Data extracts: Begin
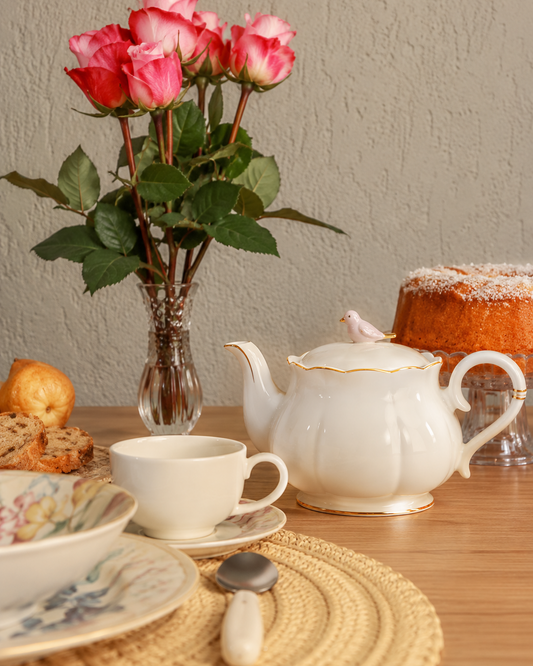 Bule de Porcelana Branco Bird com Fio de Ouro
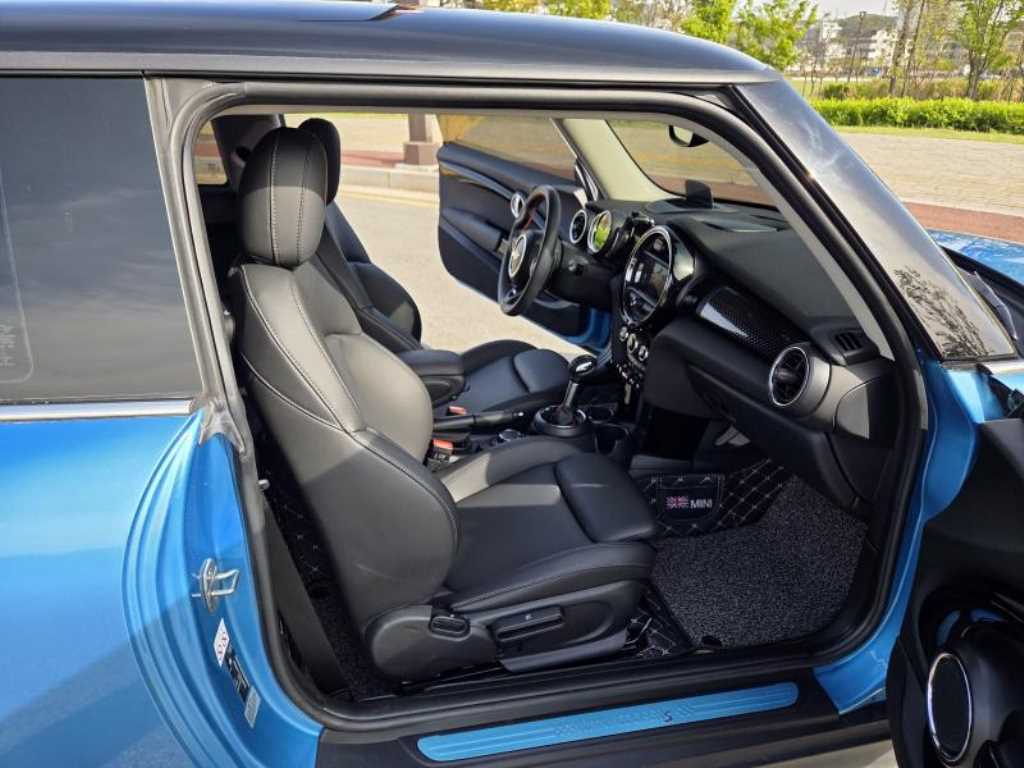Mini Cooper Base Type 10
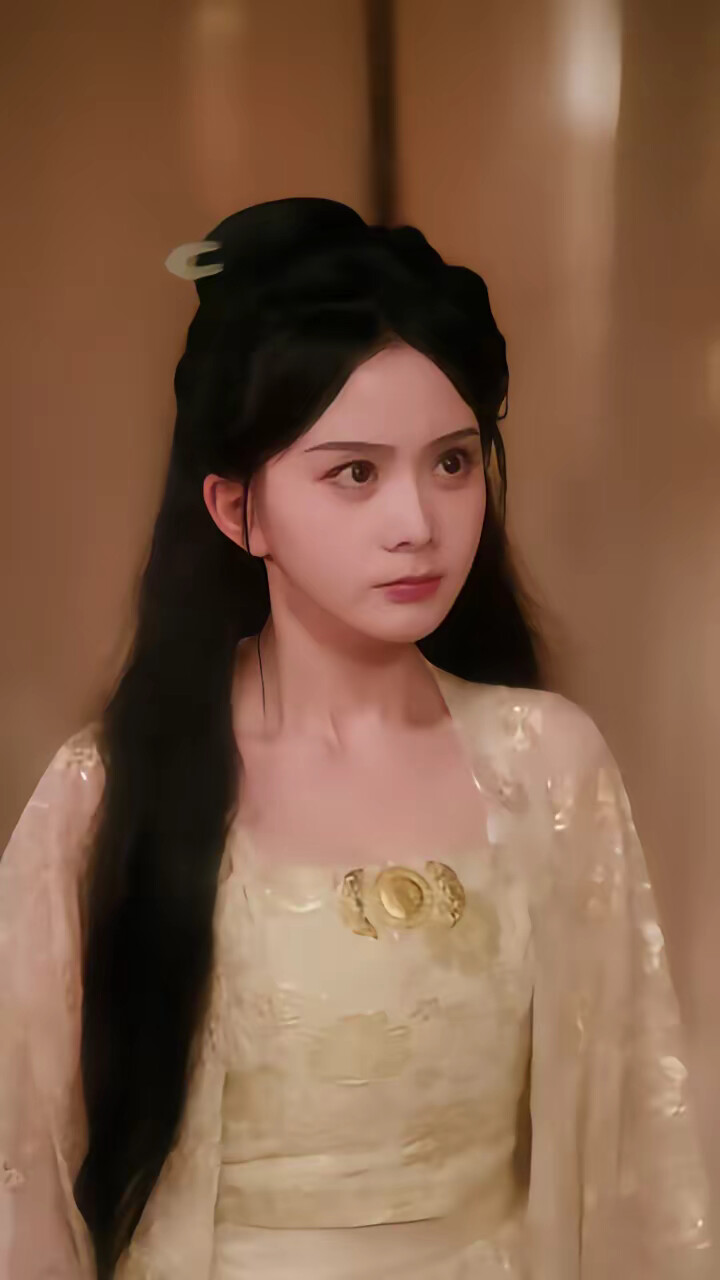 《帝后互殴,但全宫都在磕CP》剧照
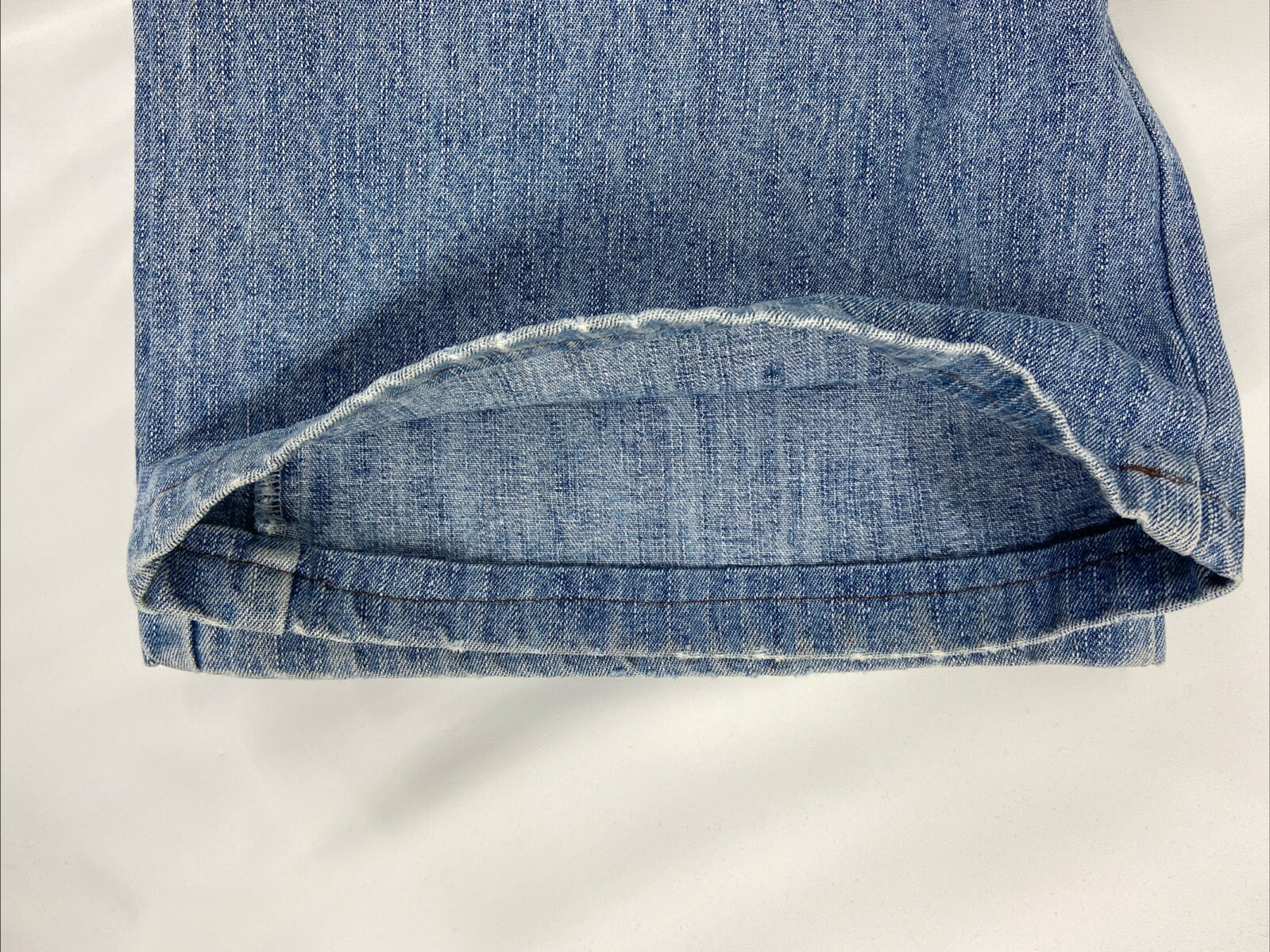 Vintage Outlaw Blue Denim Women’s Size 26″x26″ Jeans Wide Leg Baggy Streetwear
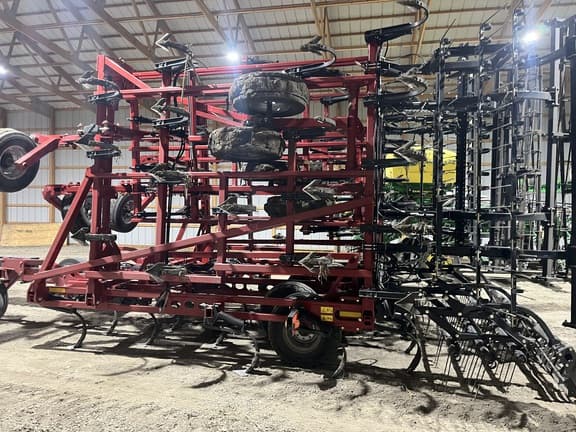 Image of Case IH Tigermate 255 equipment image 3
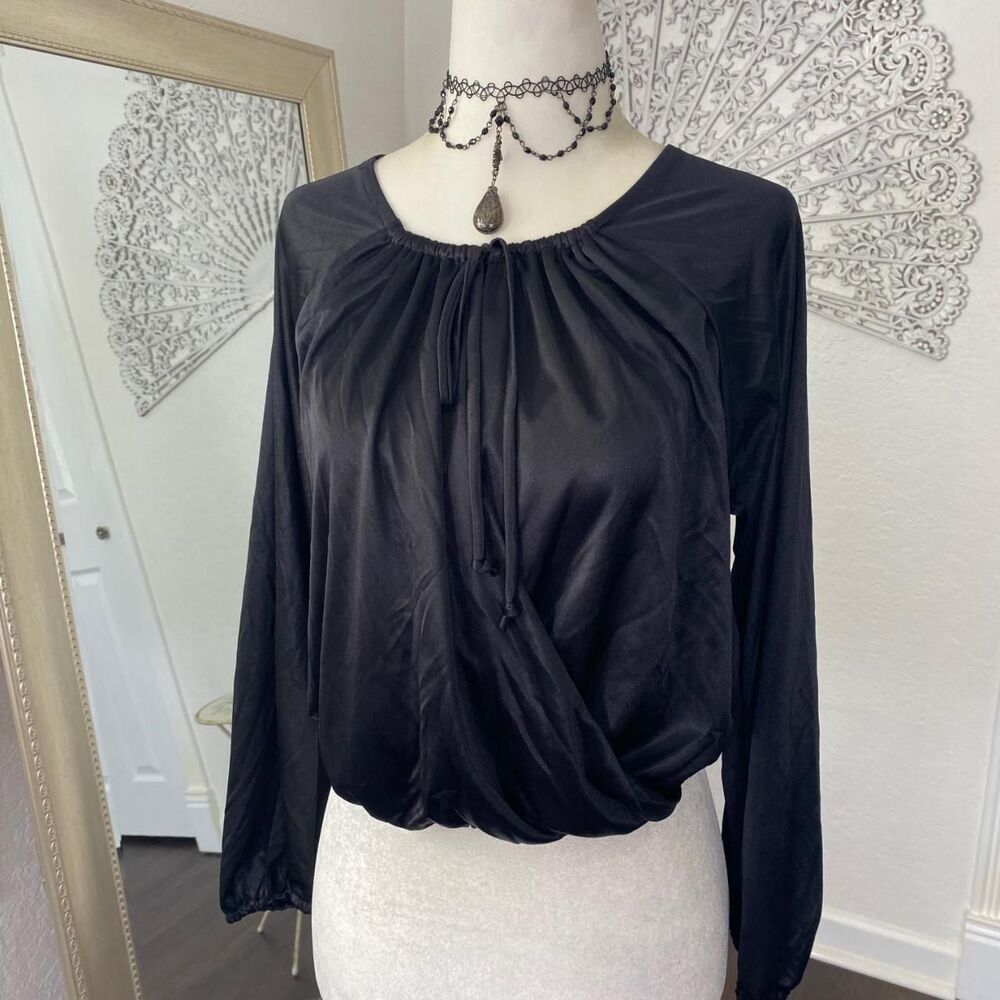 Vintage Made in USA Whimsygoth Vampy Boho Flowy Black Satin Crop Top Blouse S - Picture 6 of 8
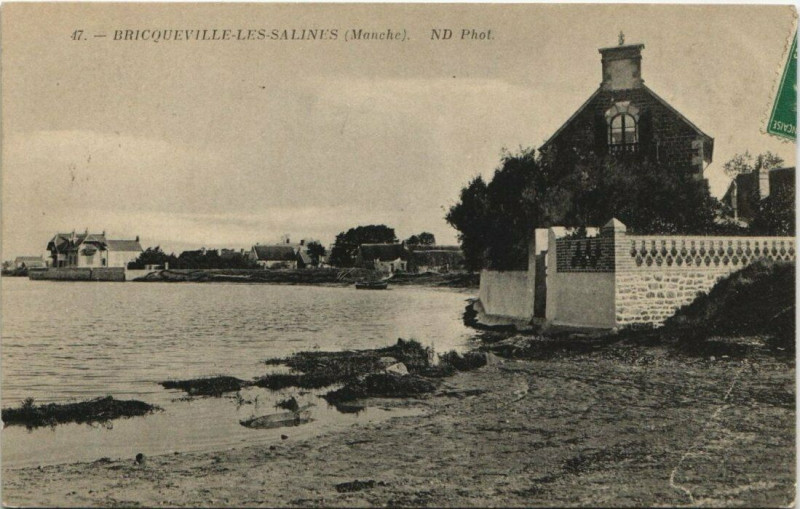 Carte postale ancienne Bricqueville-Les-Salines - La Plage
Data extracts: End
_Prompt_
Copy exactly, please, the lines that run from the line holding "Vintage Outlaw Blue" through the closing line of the material above, omitting every picture.

_Answer to this exercise_
 Vintage Outlaw Blue Denim Women’s Size 26″x26″ Jeans Wide Leg Baggy Streetwear
 Image of Case IH Tigermate 255 equipment image 3
 Vintage Made in USA Whimsygoth Vampy Boho Flowy Black Satin Crop Top Blouse S - Picture 6 of 8
 Carte postale ancienne Bricqueville-Les-Salines - La Plage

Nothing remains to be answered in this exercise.